Constraint 1: Let F be an appropriate frame size, then max {ei, F}. From this constraint, we get F ≥ 1.5.
Constraint 2: The major cycle M for the given task set is given by M = LCM(4,5,20) = 20. M should be an integral multiple of the frame size F, i.e., M mod F = 0. This consideration implies that F can take on the values 2, 4, 5, 10, 20. The frame size of 1 has been ruled out since it would violate the constraint 1.
Constraint 3: To satisfy this constraint, we need to check whether a selected frame size F satisfies the inequality: 2F − gcd(F, pi) < di for each pi.
Let us first try frame size 2.
For F = 2 and task T1:
2 ∗ 2 − gcd(2, 4) ≤ 4 ≡ 4 − 2 ≤ 4
Therefore, for p1 the inequality is satisfied.
Let us try for F = 2 and task T2:
2 ∗ 2 − gcd(2, 5) ≤ 5 ≡ 4 − 1 ≤ 5
Therefore, for p2 the inequality is satisfied.
Let us try for F = 2 and task T3:
2 ∗ 2 − gcd(2, 20) ≤ 20 ≡ 4 − 2 ≤ 20
Therefore, for p3 the inequality is satisfied.
For F = 2 and task T4:
2 ∗ 2 − gcd(2, 20) ≤ 20 ≡ 4 − 2 ≤ 20
For p4 the inequality is satisfied.
Thus, constraint 3 is satisfied by all tasks for frame size 2. So, frame size 2 satisfies all the three constraints. Hence, 2 is feasible frame size.
Let us try frame size 4.
For F = 4 and task T1:
2 ∗ 4 − gcd(4, 4) ≤ 4 ≡ 8 − 4 ≤ 4
Therefore, for p1 the inequality is satisfied.
Let us try for F = 4 and task T2:
2 ∗ 4 − gcd(4, 5) ≤ 5 ≡ 8 − 1 ≤ 5
For p2 the inequality is not satisfied. Therefore, we need not look any further. Clearly, F = 4 is not suitable frame size.
Let us now try frame size 5, to check if that is also feasible.
For F = 5 and task T1, we have 2 ∗ 5 − gcd(5, 4) ≤ 4 ≡ 10 − 1 ≤ 4 The inequality is not satisfied with T1. We need not look any further. Clearly, F = 5 is not suitable frame size.
Let us now try frame size 10. For F = 10 and task T1, we have 2 ∗ 10 − gcd(10, 4) ≤ 4 ≡ 20 − 2 ≤ 4 The inequality is not satisfied with T1. We need not look any further.
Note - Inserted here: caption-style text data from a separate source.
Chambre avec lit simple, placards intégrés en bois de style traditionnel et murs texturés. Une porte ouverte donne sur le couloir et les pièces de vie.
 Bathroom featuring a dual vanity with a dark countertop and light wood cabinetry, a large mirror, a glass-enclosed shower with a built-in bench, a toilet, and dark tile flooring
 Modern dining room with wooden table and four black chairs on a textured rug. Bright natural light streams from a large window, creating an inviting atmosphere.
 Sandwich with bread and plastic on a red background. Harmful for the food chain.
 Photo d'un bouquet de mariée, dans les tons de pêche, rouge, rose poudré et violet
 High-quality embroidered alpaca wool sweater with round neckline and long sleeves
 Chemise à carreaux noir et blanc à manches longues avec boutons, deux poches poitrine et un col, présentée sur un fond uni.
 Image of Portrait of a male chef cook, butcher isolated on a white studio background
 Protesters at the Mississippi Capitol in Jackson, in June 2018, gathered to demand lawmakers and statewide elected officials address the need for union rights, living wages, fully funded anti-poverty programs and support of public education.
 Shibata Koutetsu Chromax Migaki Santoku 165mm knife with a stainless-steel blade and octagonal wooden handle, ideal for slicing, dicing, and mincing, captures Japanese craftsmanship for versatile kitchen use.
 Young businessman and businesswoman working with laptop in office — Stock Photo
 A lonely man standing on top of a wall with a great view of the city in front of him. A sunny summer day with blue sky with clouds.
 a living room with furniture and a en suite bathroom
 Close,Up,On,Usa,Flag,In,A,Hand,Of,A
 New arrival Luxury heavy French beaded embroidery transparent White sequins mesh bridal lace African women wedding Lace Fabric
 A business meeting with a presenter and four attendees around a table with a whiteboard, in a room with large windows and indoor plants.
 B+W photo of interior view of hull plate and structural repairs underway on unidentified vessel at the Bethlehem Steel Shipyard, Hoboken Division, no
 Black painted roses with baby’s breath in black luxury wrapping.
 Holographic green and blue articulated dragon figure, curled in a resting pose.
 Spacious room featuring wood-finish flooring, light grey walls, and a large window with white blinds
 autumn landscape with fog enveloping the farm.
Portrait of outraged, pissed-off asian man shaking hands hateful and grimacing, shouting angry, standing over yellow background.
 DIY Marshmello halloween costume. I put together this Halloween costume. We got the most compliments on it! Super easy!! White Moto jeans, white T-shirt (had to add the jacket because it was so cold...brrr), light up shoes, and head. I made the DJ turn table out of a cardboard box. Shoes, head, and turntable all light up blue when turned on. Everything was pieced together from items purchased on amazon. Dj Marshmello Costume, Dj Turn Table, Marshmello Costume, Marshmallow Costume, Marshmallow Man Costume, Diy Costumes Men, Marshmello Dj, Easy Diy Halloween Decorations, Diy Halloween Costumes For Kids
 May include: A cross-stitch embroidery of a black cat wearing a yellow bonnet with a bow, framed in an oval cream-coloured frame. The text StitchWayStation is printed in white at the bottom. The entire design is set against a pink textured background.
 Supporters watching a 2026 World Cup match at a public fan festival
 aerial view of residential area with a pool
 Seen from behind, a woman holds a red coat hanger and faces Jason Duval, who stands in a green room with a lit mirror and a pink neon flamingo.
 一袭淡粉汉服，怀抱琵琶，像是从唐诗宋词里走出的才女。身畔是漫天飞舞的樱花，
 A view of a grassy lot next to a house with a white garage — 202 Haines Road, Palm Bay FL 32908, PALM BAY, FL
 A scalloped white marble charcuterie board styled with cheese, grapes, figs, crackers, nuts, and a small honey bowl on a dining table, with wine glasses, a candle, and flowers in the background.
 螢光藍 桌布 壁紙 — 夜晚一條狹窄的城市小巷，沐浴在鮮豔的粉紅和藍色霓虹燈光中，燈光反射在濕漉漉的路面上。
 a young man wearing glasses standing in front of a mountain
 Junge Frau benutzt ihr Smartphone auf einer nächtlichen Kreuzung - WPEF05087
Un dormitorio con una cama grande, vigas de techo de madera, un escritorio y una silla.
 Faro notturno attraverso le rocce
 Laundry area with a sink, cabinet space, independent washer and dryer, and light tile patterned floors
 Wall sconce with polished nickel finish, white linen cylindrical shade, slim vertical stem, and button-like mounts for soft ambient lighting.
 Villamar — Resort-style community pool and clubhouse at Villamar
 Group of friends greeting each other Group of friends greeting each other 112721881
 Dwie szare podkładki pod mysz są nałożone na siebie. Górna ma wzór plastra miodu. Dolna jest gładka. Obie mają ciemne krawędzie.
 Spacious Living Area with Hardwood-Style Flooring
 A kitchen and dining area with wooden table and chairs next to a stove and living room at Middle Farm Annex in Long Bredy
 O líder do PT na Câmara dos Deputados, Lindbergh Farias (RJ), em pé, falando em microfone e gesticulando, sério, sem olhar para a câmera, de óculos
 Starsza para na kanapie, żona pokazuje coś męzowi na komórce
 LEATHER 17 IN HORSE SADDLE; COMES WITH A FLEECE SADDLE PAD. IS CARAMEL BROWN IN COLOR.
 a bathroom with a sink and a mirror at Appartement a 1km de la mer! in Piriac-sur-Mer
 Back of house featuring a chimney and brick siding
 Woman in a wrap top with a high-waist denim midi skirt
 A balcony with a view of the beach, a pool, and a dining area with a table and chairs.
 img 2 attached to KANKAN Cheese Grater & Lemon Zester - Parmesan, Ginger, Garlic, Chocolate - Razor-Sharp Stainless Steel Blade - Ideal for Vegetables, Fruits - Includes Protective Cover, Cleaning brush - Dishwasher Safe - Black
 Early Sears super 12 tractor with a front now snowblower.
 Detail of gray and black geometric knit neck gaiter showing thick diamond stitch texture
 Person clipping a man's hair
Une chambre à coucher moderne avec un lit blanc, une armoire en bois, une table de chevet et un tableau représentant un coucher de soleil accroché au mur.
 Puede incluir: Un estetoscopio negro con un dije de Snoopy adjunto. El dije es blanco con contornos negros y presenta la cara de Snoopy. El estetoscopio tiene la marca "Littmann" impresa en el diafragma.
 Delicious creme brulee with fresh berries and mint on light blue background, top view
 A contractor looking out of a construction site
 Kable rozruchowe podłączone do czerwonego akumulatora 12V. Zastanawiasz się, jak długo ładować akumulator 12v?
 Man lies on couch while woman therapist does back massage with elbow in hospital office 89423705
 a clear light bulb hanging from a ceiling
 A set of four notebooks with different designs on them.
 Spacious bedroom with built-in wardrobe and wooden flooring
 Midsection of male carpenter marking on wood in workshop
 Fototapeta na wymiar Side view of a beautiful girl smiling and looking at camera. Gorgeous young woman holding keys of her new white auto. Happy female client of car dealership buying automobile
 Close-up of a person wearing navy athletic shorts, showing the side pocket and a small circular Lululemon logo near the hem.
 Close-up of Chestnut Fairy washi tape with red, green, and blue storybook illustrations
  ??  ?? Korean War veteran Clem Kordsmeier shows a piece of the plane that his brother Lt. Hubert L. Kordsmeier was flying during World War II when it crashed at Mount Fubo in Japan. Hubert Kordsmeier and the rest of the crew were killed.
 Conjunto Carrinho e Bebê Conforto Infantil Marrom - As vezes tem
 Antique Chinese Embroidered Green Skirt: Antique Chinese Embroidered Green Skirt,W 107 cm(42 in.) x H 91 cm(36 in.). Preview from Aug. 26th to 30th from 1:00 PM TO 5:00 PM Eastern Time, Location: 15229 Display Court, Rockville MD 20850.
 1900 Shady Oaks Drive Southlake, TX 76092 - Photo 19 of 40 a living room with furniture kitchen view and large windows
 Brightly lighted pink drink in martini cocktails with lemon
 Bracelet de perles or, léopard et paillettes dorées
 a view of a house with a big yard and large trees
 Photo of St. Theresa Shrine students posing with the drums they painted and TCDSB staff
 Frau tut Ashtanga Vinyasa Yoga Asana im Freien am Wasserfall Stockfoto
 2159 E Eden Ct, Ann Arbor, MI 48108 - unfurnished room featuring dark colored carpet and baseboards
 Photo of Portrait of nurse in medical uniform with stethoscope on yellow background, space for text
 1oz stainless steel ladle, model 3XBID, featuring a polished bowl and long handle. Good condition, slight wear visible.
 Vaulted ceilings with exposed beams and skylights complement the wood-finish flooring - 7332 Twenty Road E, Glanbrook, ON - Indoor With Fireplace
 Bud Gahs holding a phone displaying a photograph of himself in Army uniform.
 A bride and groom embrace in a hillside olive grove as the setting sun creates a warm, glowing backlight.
Clearly, F=10 is not suitable frame size.
Let us try if 20 is feasible frame size. For F = 20 and task T1, we have 2 ∗ 20 − gcd(20, 4) ≤ 4 ≡ 40 − 4 ≤ 4 Therefore, F = 20 is also not suitable. So, only the frame size 2 is suitable for scheduling.
Even though for Example 1 we could successfully find a suitable frame size that satisfies all the three constraints, it is quite probable that a suitable frame size may not exist for many problems. In such cases, to find a feasible frame size we might have to split the task (or a few tasks) that is (are) causing violation of the constraints into smaller sub-tasks that can be scheduled in different frames.
Advantages of clock driven scheduling
- Decisions on what jobs to execute at what time are made at specific time instants.
- Jobs can schedule according to direct static schedule in different modes just need to change the static schedule table.
- Context switching and communication overheads are low.
- Easy to validate, test and certify.
- Possible to determine whether the systems indeed meets all of its timing requirements.
Disadvantages of clock driven scheduling
- The system based on this approach is relatively difficult to modify and maintain.
- Suited for systems which are rarely modified.
- Release time of all jobs must be fixed.
- Not suitable for systems that contain all hard and soft real-time applications.